Mon, Sep 12, 2005 - Page 3 News List

Typhoon just brushes northern part of the country, but vegetable prices climb

OVERREACTION?Once again, the price of the benchmark green onion has climbed on the merest rumor that bad weather would affect agriculture

BY JEAN LIN  /  STAFF REPORTER

Fallen stones are shown above at a section of the northern cross-nation highway after Typhoon Kahnun skirted the northeastern tip of Taiwan.

PHOTO: CHOU MIN-HUNG, TAIPEI TIMES

Originally forecast as heading straight for Taiwan, Typhoon Khanun yesterday diverged from its projected path, moving northwest and merely skirting the northeastern tip of the nation.

The land warning was lifted at 5:30am yesterday, followed by the sea warning at 2:30pm.

However, the Central Weather Bureau warned of rough waters, and advised boats to take caution.

Showers and cloudy skies were expected in the northern and northeastern parts of the country following the typhoon, but no flooding has been reported so far.

Although having avoided floods and casualties, the typhoon has nevertheless left lingering worries.

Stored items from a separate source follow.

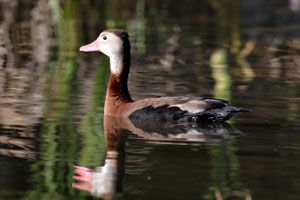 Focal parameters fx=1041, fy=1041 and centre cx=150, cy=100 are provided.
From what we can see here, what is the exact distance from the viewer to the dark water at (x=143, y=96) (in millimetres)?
6887

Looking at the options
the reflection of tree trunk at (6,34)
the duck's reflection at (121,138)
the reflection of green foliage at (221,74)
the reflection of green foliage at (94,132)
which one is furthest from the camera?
the reflection of tree trunk at (6,34)

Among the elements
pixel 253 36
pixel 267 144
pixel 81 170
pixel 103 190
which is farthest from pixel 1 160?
pixel 253 36

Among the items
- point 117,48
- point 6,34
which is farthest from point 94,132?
point 6,34

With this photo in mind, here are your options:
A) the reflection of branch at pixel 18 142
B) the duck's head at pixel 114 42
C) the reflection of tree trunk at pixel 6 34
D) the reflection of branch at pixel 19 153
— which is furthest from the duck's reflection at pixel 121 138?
the reflection of tree trunk at pixel 6 34

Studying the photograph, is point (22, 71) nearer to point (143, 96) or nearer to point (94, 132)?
point (143, 96)

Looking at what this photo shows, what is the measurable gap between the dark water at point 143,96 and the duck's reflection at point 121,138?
2cm

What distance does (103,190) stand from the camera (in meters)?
6.67

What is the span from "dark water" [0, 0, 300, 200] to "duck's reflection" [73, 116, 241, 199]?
0.05 ft

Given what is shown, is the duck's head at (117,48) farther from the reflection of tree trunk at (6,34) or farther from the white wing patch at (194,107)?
the reflection of tree trunk at (6,34)

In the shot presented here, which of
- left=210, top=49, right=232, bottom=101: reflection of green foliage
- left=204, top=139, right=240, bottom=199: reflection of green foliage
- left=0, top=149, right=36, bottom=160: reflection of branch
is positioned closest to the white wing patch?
left=204, top=139, right=240, bottom=199: reflection of green foliage

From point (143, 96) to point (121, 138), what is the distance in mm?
2115

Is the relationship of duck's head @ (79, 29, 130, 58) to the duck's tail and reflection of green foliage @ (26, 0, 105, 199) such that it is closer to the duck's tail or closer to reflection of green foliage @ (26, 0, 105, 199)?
reflection of green foliage @ (26, 0, 105, 199)

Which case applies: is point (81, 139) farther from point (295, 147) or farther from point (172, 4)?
point (172, 4)

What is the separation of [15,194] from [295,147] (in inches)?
105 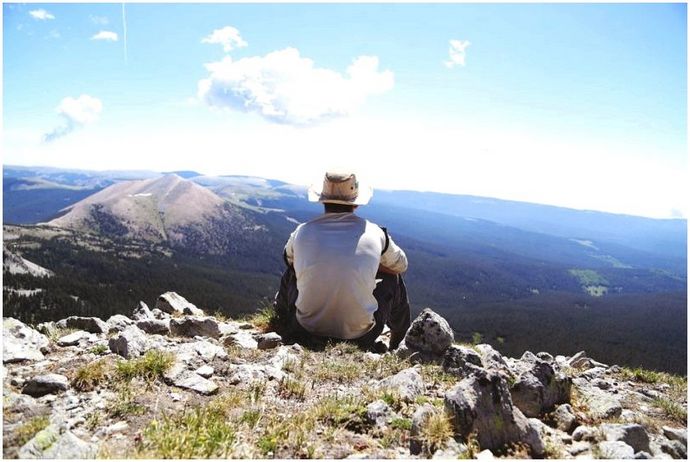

One concern is the sky-high price of vegetables, with scallion prices in Ilan rocketing to a high of NT$420 per kilogram on Friday.

According to the Council of Agriculture, scallion prices dropped to NT$300 yesterday, and vegetable prices are expected to gradually return to normal.

Worried shoppers crowded traditional markets and hypermarts, hoping to find the best bargain.

However, prices are still relatively higher than before, even in hypermarts, said Hsu Ai-chen (徐愛珍), a shopper in the midst of the bustling crowd at the Muzha traditional market.

"Our salaries remain the same, but the vegetable prices are three to four times higher than before, making it hard for most families," she said.

"I wanted to buy a head of cabbage today, but the first vendor I asked said it was NT$200, so I settled for the second vendor, who sold it to me for NT$80 -- still expensive compared to the usual NT$30," she added.

Another shopper, Wu Feng-mei (吳鳳梅), said that the rise in prices does not seem like a short-term phenomenon.

"I think the vendors raise the prices on purpose," she said. "It's not only because of the typhoon." Both shoppers interviewed said that they have long given up on purchasing scallions.

"They used to be given away almost for free, now it's NT$50 for a small bundle. I don't really need them," Hsu said.